Des associations de protection de l’environnement se sont constituées parties civiles dans le cadre de l’action publique engagée à l’encontre de la société et ont demandé des dommages et intérêts sur le fondement de l’article L. 142-2 du Code de l’environnement précité. La Cour d’appel avait déclaré l’action recevable alors même que l’infraction avait cessé et qu’il n’était pas démontré qu’il en était résulté un quelconque dommage.
La Cour de cassation a confirmé la motivation de la Cour d’appel et considéré que le non respect de la réglementation des installations classées, en ce qu’il est de nature à créer un risque de pollution majeure pour l’environnement, et notamment pour les eaux et les sols, porte atteinte aux intérêts collectifs que les associations agréées de protection de l’environnement ont pour objet de défendre. Cette seule atteinte suffit, selon la Cour, à caractériser le préjudice moral indirect dont les associations sont en droit de demander réparation (Cass. Civ. 3ème 8 juin 2011, n° 10-15.500).

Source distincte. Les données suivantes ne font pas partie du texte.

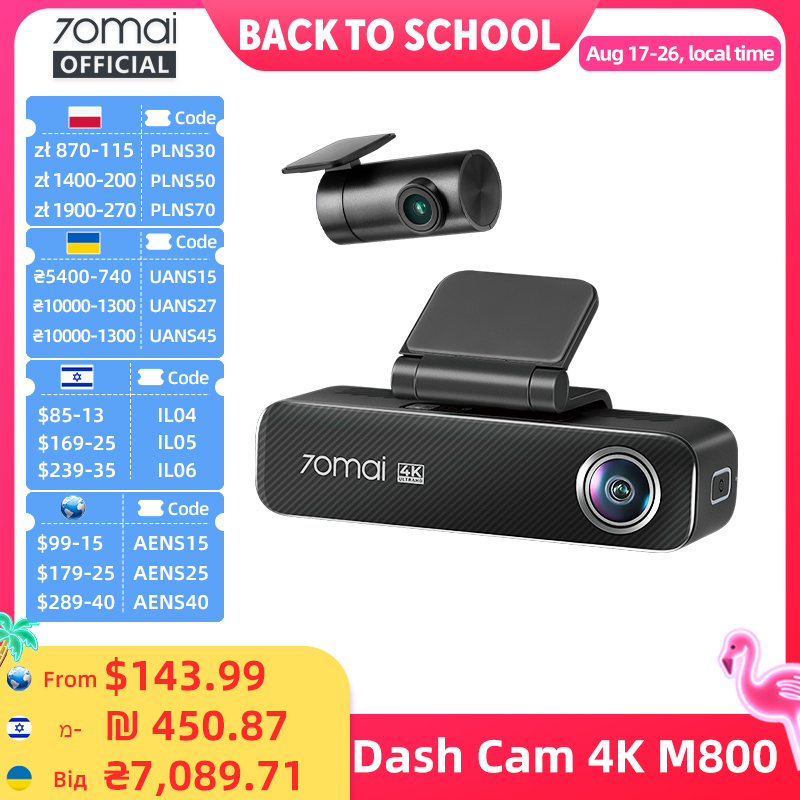 Home Cinema Blu Ray Sony - 70mai Dash Cam 4K M800 2160P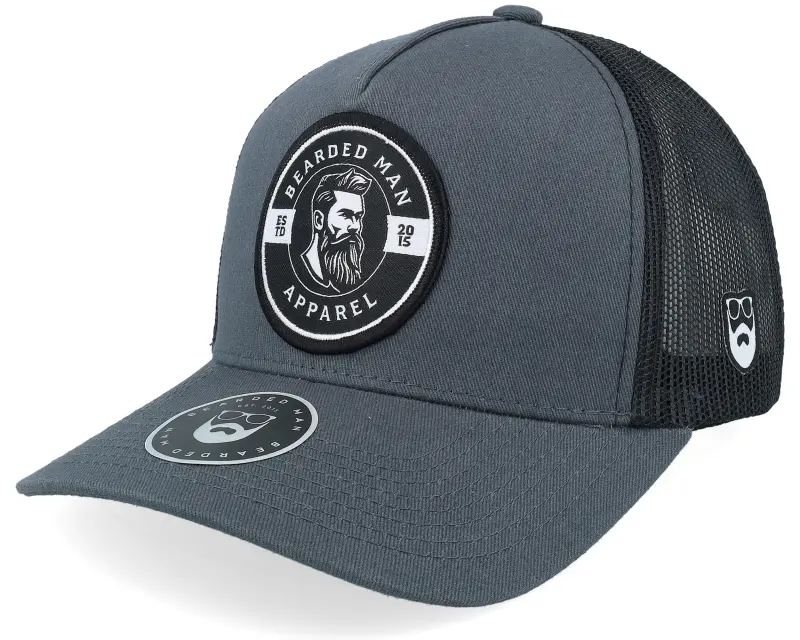 Bearded Man Logo 25 Medium Grey/Black/Black A-frame Trucker online
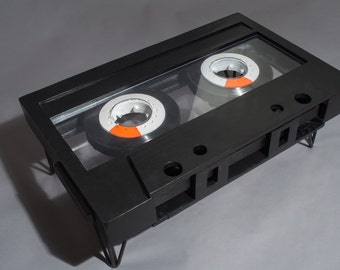 CASSETTE TAPE coffee TABLE // Vintage 80s cassette table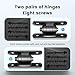 JEXIFY Eatra Large, Heavy Duty Gate Hinges with Sealed Bearings and 8 Screws, Adjustable Yoke Pivot, Suitable for Large Driveway Gates Up to 1100 Pounds, Two Pack, Carbon Black (180 Gate Hinge 2pcs)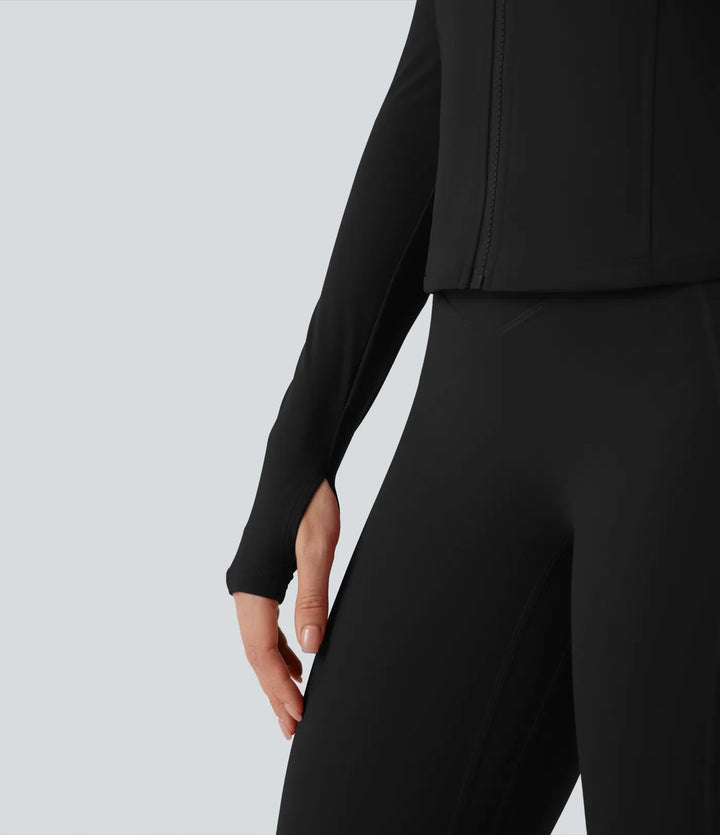 Halara UltraSculpt Stand Collar Long Sleeve Thumb Hole Yoga Curvy Jacket with Pockets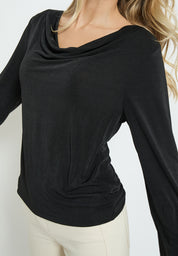 Desires DSBob 3/4 Sleeve Drape Top T-Shirt 9000 Black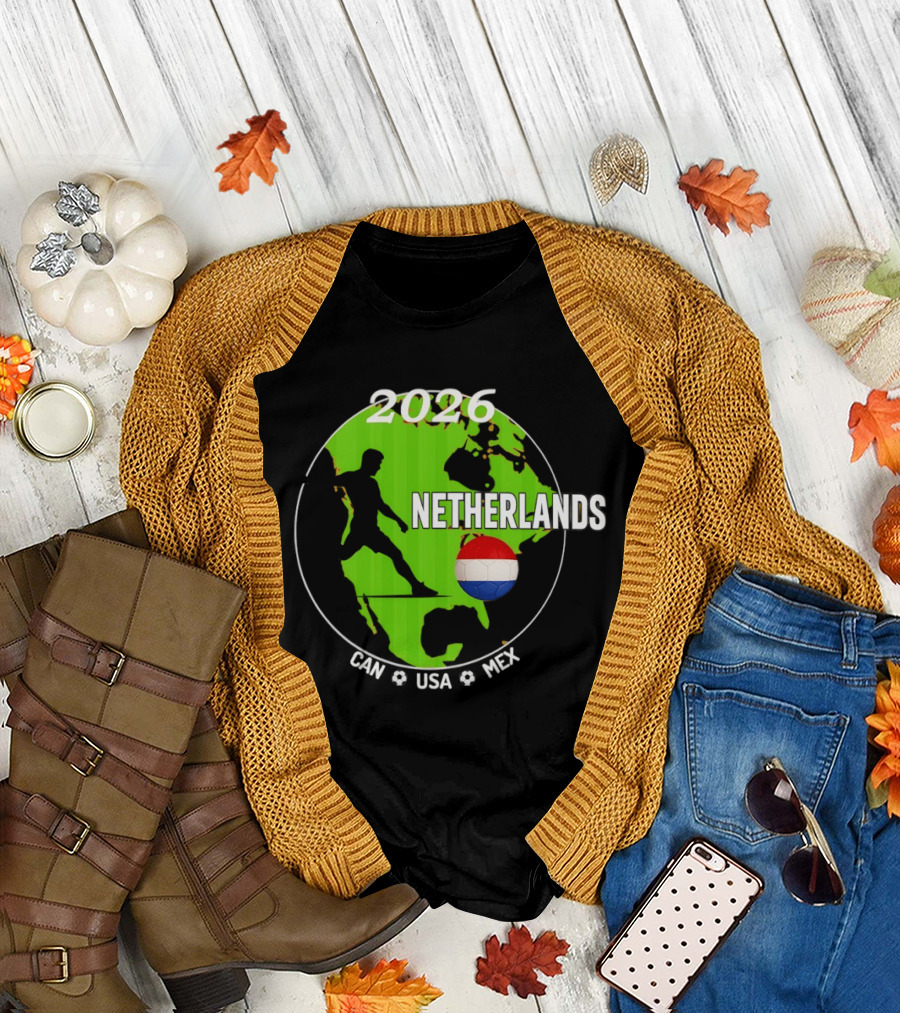 Netherlands Football 2026 CAN USA MEX World Cup Map Soccer Ball T-Shirt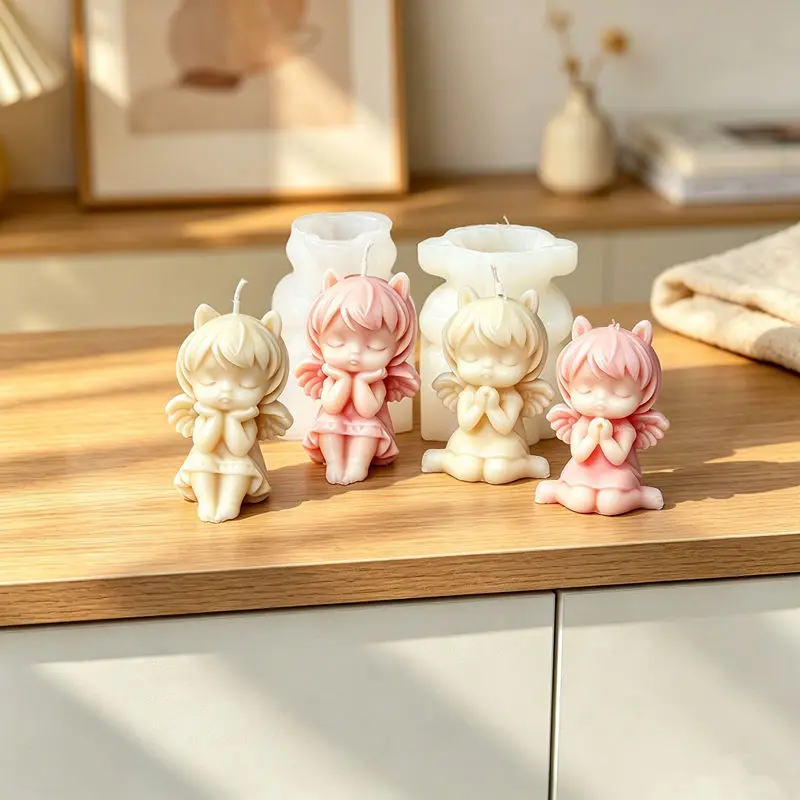 Angel Girl With Cat Ears Silicone Candle Mold Cute Praying Cherub Design For DIY Handmade Scented Candle Plaster Home Decor Gift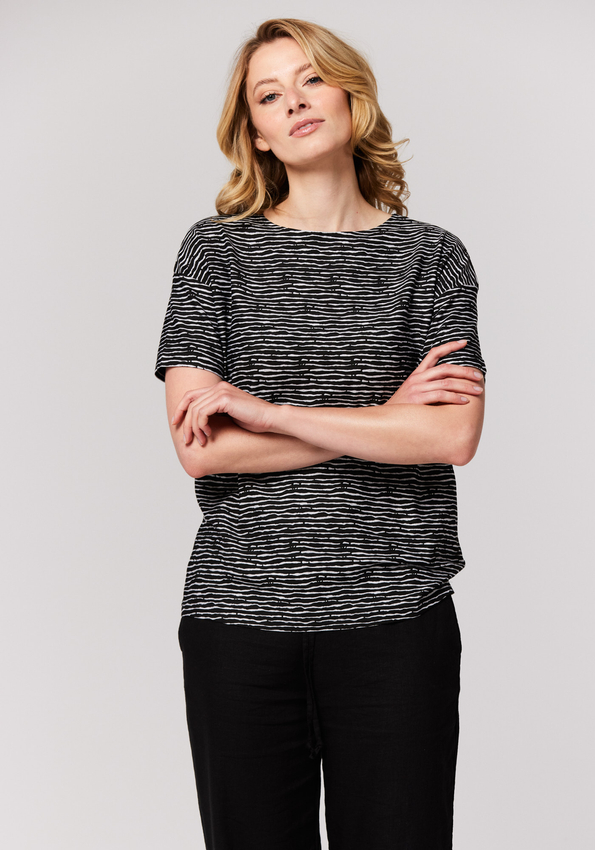 Bluzka w nieregularne paski 3078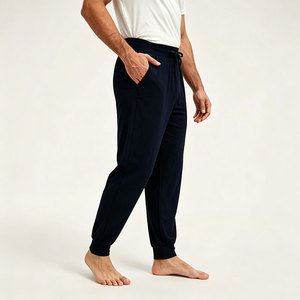 Pyjama en viscose de bambou tricoté pour homme, vêtements de nuit respirants, vêtements de nuit personnalisés en coton et soie tricotés, vêtements de détente doux - Product Image 4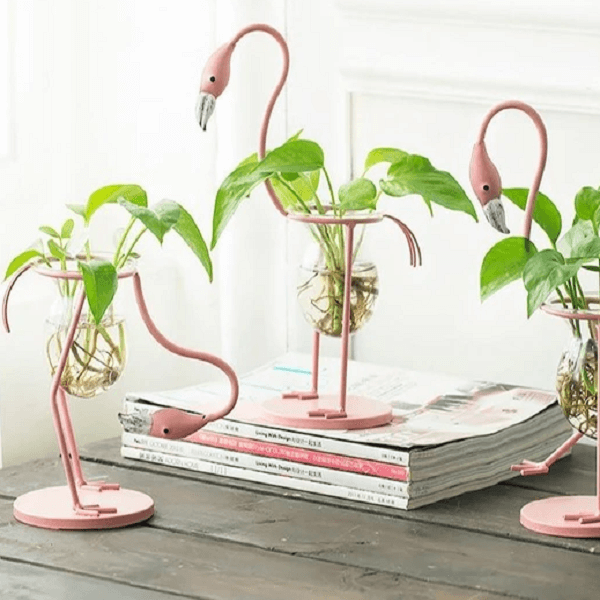 Flamingo Glass Desktop Planter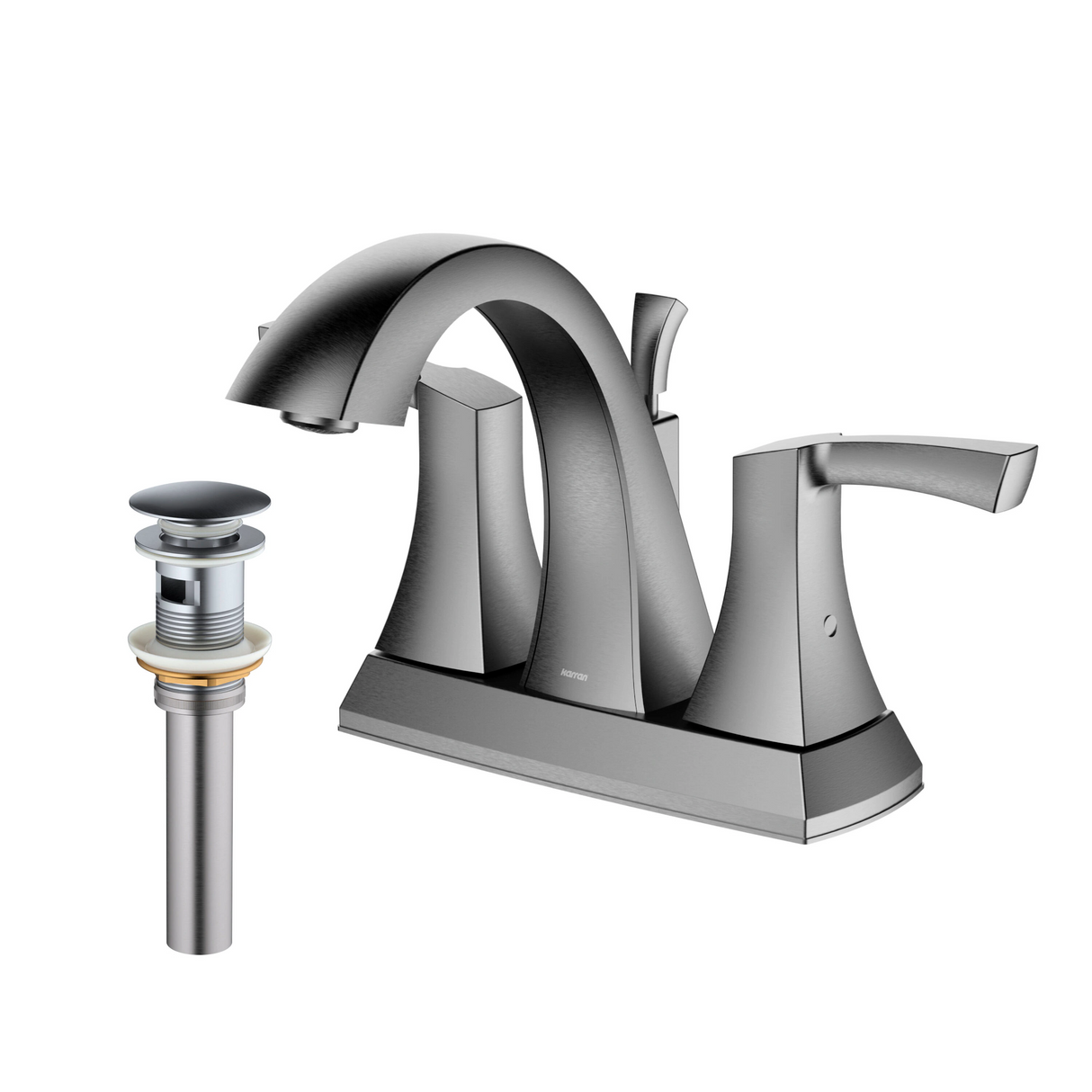 Karran Randburg Stainless Steel 4-in centerset 2-Handle WaterSense Bathroom Sink Faucet with Drain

Si l’action de groupe à l’américaine heurte de nombreux principes de la procédure civile (Nul ne plaide par procureur – Relativité de la chose jugée), le recours collectif tel qu’il est interprété par la jurisprudence se heurte aux principes du droit de la responsabilité qui exigent que le préjudice réparable ait un caractère certain, direct et personnel.
La class action qui a vocation à réparer un agrégat de préjudices individuels, et donc personnels, directs et certains ne se heurte pas à ces principes. Si elle est instaurée, elle ne remplacera cependant pas le recours collectif des associations qui finit grâce à la jurisprudence par remplir un objectif préventif : réparer un « préjudice collectif éventuel » pour prévenir un risque de préjudice individuel (notamment en matière de consommation).
Ces deux types de recours ne sont donc pas nécessairement exclusifs l’un de l’autre et pourrait cohabiter, générant une pression et un risque accru pour les entreprises.